Hacı Bektaş Veli était un mystique du XIIIe siècle qui a synthétisé l’islam soufi avec les croyances anatoliennes préislamiques, créant une tradition qui met l’accent sur l’égalité — entre les sexes, entre les classes sociales — et qui s’approche du divin à travers la musique, la poésie et l’expérience directe plutôt que la loi religieuse stricte. L’ordre Bektachi qu’il a inspiré est devenu le foyer spirituel des janissaires, l’infanterie d’élite ottomane, et l’alévisme — la tradition vivante qui compte aujourd’hui des dizaines de millions de fidèles en Turquie et dans la diaspora — retrace une grande partie de sa lignée spirituelle jusqu’à ses enseignements. Visiter ce sanctuaire est donc quelque chose de différent que de visiter le musée Mevlâna à Konya. Les deux sont soufis, tous deux sérieux, mais le tombeau de Konya porte le poids de la reconnaissance internationale. Hacıbektaş porte quelque chose de plus petit et de plus local, ce qui le rend, paradoxalement, plus émouvant.

Le complexe est une séquence de trois cours, chacune menant plus loin à l’intérieur, chacune se sentant légèrement plus intime.

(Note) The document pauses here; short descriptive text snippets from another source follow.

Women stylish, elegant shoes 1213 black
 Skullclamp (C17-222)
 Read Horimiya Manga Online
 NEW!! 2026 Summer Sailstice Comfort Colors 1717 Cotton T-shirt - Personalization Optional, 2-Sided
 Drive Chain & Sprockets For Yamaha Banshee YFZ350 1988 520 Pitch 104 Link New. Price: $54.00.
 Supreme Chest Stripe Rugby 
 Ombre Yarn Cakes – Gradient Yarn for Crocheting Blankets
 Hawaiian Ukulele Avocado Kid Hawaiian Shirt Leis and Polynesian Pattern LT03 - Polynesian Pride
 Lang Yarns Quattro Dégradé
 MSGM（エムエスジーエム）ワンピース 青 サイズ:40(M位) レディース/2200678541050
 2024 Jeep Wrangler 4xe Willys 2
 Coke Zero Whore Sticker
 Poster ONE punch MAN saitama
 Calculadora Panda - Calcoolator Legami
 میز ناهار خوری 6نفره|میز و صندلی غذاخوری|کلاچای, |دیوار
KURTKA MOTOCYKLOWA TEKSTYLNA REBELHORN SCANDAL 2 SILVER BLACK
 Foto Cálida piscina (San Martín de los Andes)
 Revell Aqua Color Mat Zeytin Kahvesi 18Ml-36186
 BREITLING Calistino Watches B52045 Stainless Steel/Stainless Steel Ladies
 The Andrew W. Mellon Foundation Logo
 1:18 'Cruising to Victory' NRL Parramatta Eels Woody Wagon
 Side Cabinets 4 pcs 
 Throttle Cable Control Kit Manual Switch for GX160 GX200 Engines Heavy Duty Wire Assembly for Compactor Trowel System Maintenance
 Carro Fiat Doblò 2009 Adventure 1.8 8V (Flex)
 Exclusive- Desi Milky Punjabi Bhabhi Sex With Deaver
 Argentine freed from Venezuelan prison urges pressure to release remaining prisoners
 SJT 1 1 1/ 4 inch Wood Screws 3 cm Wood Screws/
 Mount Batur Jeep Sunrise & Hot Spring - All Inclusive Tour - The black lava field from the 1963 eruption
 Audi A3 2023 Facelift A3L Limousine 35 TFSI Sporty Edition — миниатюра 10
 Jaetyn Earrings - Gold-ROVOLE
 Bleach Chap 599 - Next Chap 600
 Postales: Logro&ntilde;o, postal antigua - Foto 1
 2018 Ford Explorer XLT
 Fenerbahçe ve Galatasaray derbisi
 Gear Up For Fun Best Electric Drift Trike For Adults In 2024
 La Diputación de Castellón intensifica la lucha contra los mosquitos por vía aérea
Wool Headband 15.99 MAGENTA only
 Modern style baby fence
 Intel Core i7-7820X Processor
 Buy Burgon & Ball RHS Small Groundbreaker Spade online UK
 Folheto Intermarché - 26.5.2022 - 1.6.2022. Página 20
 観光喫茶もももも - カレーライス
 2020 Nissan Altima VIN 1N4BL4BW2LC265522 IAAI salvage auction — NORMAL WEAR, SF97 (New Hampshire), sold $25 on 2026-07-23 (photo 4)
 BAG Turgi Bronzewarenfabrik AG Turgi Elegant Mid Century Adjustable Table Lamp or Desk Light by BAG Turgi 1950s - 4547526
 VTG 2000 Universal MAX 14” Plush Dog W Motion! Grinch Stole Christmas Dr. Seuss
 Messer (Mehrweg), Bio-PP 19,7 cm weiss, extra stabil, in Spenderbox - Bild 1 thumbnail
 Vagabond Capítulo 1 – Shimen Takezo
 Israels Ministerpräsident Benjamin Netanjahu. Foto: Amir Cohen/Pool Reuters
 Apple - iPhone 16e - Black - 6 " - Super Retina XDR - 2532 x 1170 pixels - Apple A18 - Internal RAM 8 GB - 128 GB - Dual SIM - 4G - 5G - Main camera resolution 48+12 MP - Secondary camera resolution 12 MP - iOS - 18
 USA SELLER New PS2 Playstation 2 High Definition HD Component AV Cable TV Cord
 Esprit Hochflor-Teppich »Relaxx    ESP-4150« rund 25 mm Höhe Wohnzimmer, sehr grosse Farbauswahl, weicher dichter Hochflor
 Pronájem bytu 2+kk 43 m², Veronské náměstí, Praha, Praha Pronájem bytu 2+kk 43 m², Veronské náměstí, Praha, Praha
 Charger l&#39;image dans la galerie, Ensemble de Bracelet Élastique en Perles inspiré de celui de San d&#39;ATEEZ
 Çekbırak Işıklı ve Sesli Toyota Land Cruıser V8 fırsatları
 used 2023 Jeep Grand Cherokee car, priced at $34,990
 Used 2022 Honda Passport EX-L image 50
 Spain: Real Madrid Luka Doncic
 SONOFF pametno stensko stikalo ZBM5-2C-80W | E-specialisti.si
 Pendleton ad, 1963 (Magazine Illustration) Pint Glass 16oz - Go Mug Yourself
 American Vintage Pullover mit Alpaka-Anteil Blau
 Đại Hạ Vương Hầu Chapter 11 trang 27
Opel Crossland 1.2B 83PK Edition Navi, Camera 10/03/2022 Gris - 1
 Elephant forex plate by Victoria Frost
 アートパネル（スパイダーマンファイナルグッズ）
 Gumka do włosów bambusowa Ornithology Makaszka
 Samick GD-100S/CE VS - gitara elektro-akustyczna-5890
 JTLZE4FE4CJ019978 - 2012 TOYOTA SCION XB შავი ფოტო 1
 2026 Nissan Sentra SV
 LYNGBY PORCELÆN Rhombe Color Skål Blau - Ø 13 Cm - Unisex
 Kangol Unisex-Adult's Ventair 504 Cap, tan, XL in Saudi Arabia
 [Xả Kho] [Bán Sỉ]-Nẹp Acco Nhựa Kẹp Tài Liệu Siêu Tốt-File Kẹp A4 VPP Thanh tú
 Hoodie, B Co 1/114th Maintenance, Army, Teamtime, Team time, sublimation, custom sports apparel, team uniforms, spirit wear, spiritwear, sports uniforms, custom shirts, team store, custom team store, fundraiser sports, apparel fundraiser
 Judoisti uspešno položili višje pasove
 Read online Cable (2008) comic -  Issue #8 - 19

La plus intérieure abrite le türbe — la chambre à coupole contenant le tombeau de Hacı Bektaş Veli — et la décoration est différente de tout ce qu’on trouve ailleurs en Anatolie : des motifs de cerfs sculptés dans la pierre (le cerf est sacré dans la tradition alévie-bektachie), des images de roses partout, une calligraphie qui partage l’espace avec des animaux symboliques d’une façon que l’art islamique orthodoxe ne permettrait pas. L’atmosphère à l’intérieur est douce et très calme. Je suis resté près du tombeau pendant dix minutes et j’ai observé trois personnes différentes arriver, presser leur front contre la pierre du seuil, puis simplement s’asseoir un moment.

La coupole intérieure du türbe à Hacıbektaş, avec ses carreaux de calligraphie turquoise et dorée et la chambre funéraire doucement éclairée en dessous

Le village autour du sanctuaire est modeste et un peu beau. Une rue principale de salons de thé et de boutiques vendant de l’eau de rose, des chapelets et de la poterie locale. Un musée logé dans les vieux bâtiments de cuisine du complexe qui couvre l’histoire de l’ordre Bektachi avec un sérieux qui m’a fait m’attarder. En août, le Festival culturel de Hacıbektaş attire des dizaines de milliers d’alévis de toute la Turquie pour plusieurs jours de musique, de poésie et de cérémonie — si l’on supporte la foule, c’est l’un des événements culturels les plus authentiquement turcs que je connaisse. En mai, cependant, un mardi après-midi avec la lumière s’étirant en or sur les roses de la cour, il y a juste un homme qui taille, et les femmes sur le mur, et un silence qui ne ressemble pas à une absence mais plutôt à une présence.

Quand y aller : Mai et juin pour le calme et la belle lumière. Le festival d’août (généralement du 16 au 18 août) est extraordinaire mais nécessite une réservation d’hébergement à l’avance et de la patience avec les foules. Évitez de le combiner avec la haute saison en Cappadoce si vous voulez le sanctuaire pour vous seul.